"""
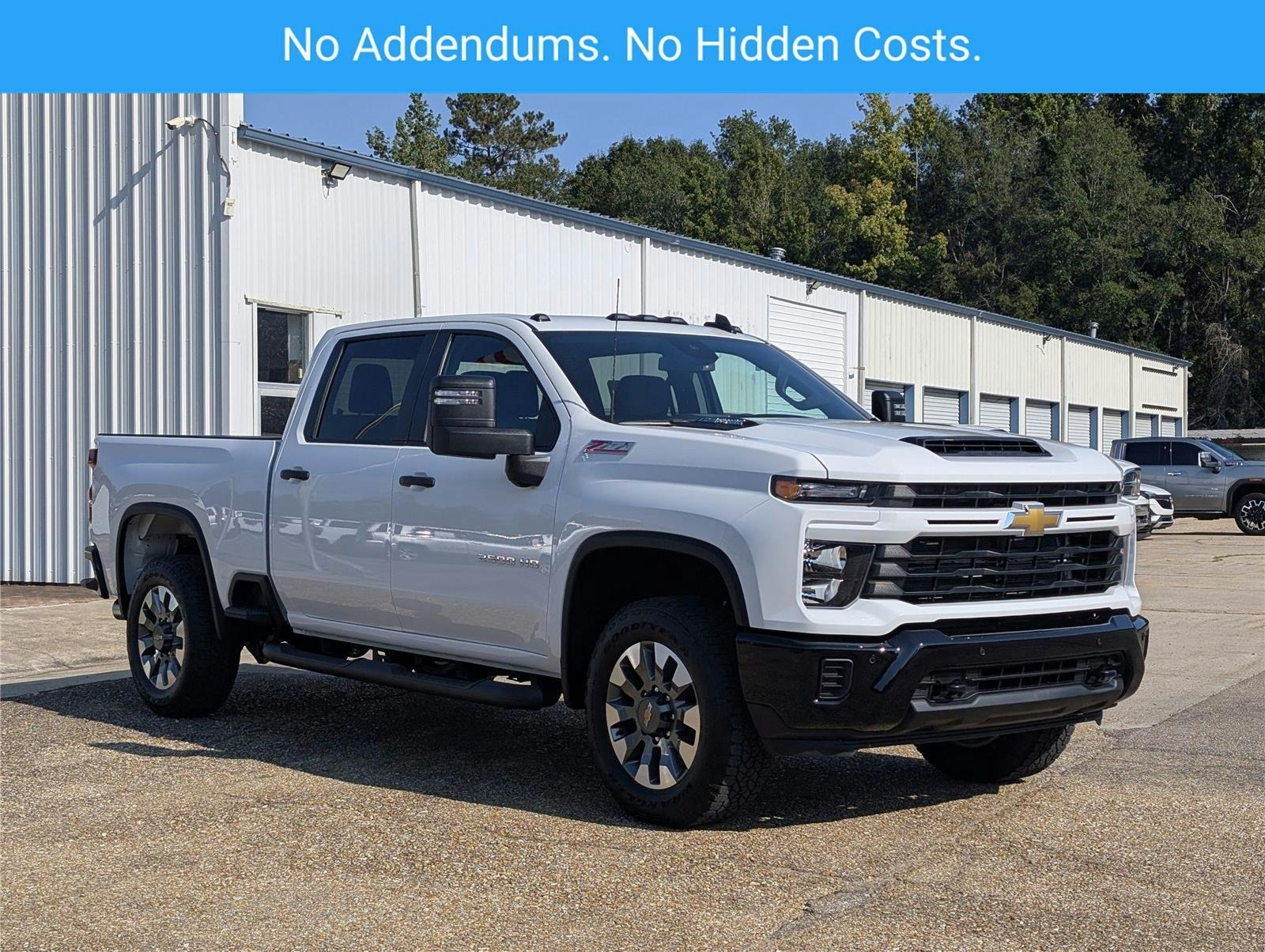 2025 Chevrolet Silverado 2500HD Custom (FG28769) Main Image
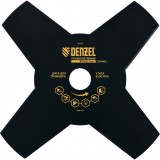 Диск для триммера, 230 х 25,4 мм, толщина 1,6 мм, 4 лезвия Denzel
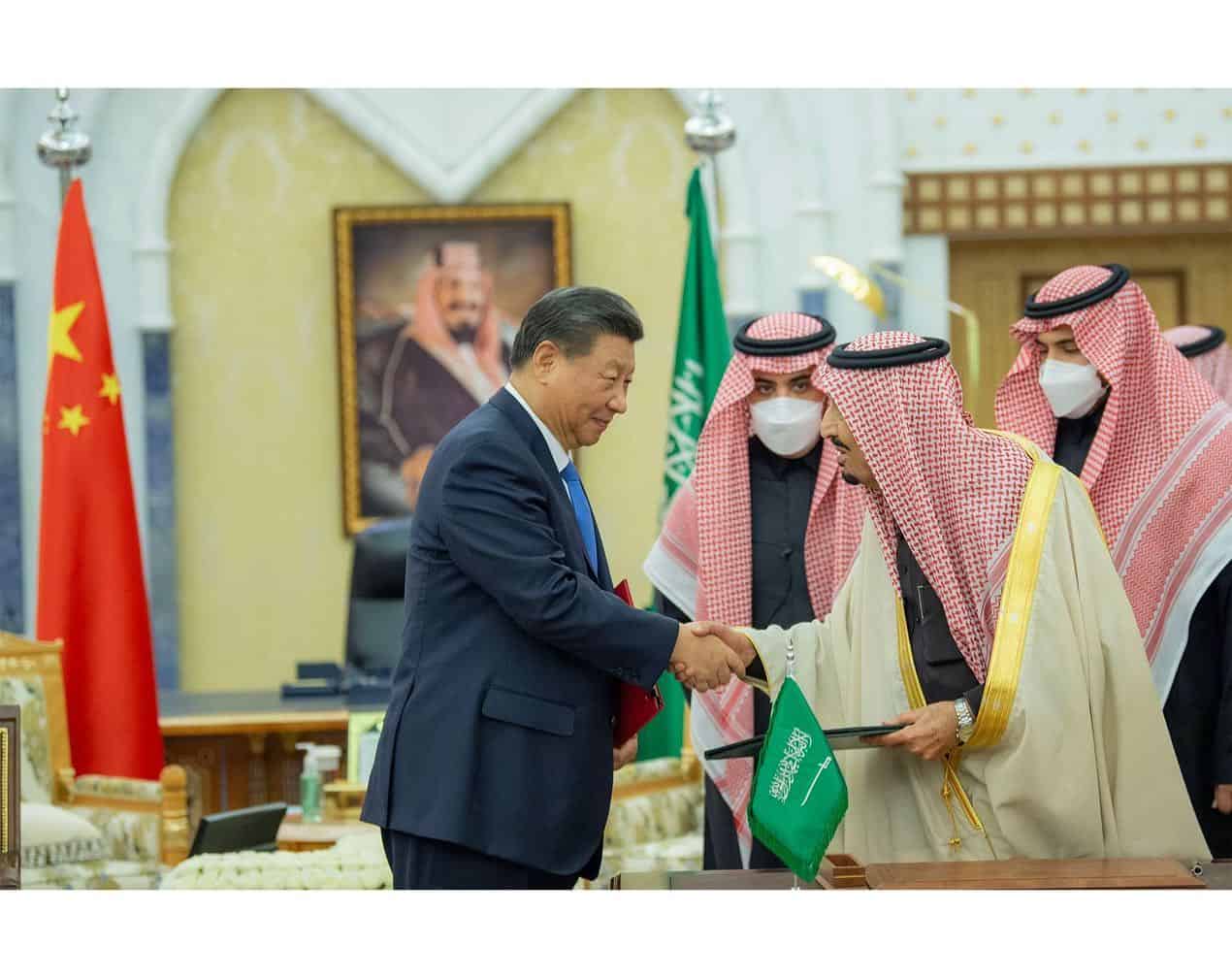 King Saud University grants the Chinese President an honorary doctorate in management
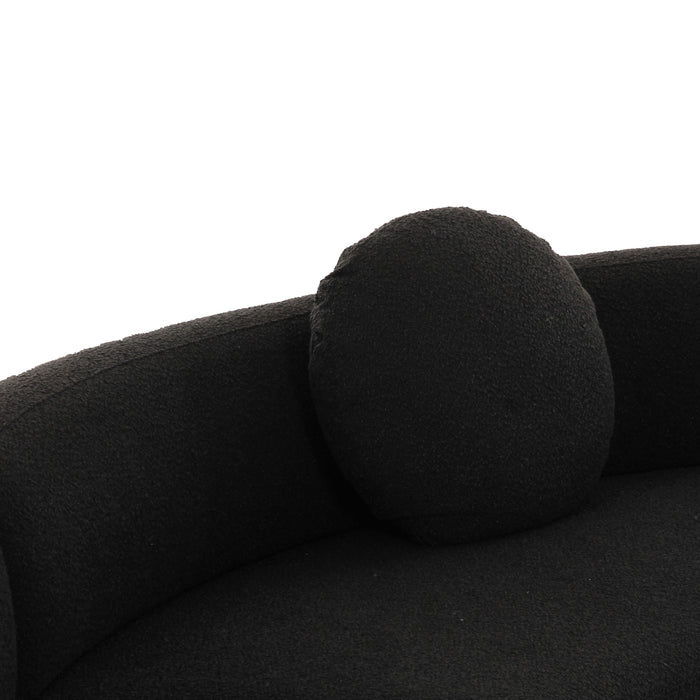 Broohah 3-Piece Performance Fabric L-Shaped Sectional - Dream Home Furniture & Mattress (Waite Park, MN)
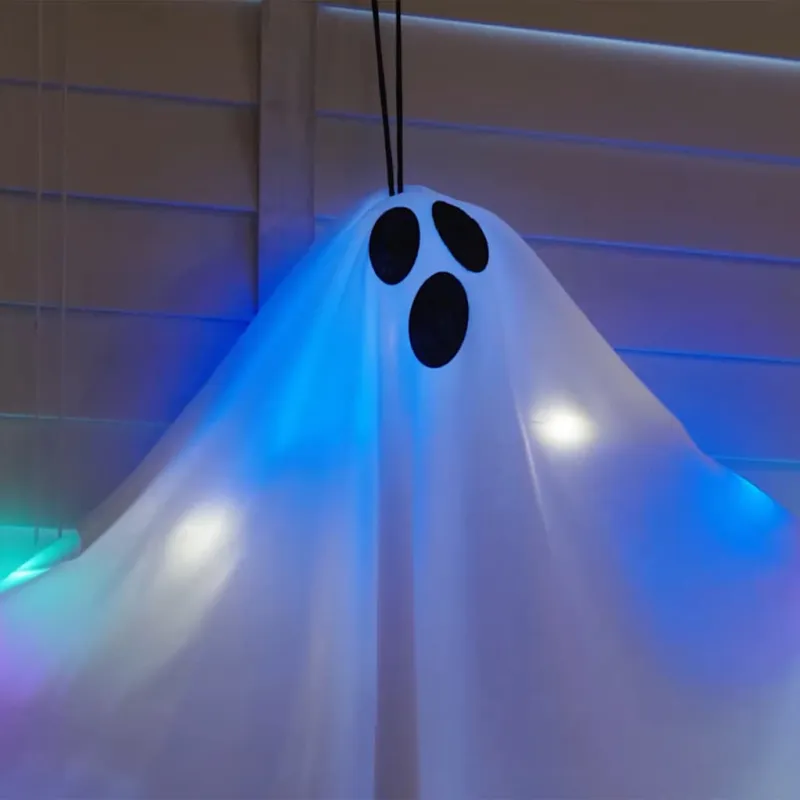 Helovino Kabančios Ghost 3 pcs Balta 52 x 62 cm Poliesteris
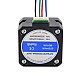 Nema 17 Dwubiegunowy 1,8deg 13Ncm(18,41oz.in) 0,7A 42x42x25 mm 4 przewody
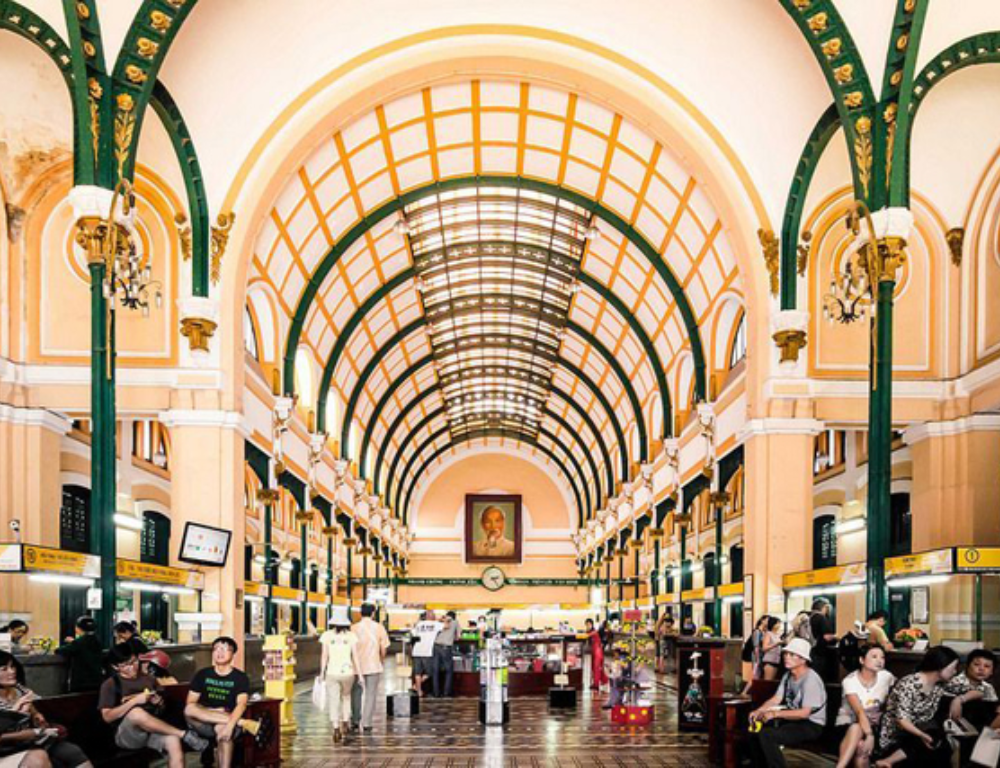 Saigon Central Post Office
"""
Try it: Output the line that contains "Диск для триммера, 230" and every line after it to the end of the records, word for word, leaving out the pictures.

Output of the exercise:
 Диск для триммера, 230 х 25,4 мм, толщина 1,6 мм, 4 лезвия Denzel
 King Saud University grants the Chinese President an honorary doctorate in management
 Broohah 3-Piece Performance Fabric L-Shaped Sectional - Dream Home Furniture & Mattress (Waite Park, MN)
 Helovino Kabančios Ghost 3 pcs Balta 52 x 62 cm Poliesteris
 Nema 17 Dwubiegunowy 1,8deg 13Ncm(18,41oz.in) 0,7A 42x42x25 mm 4 przewody
 Saigon Central Post Office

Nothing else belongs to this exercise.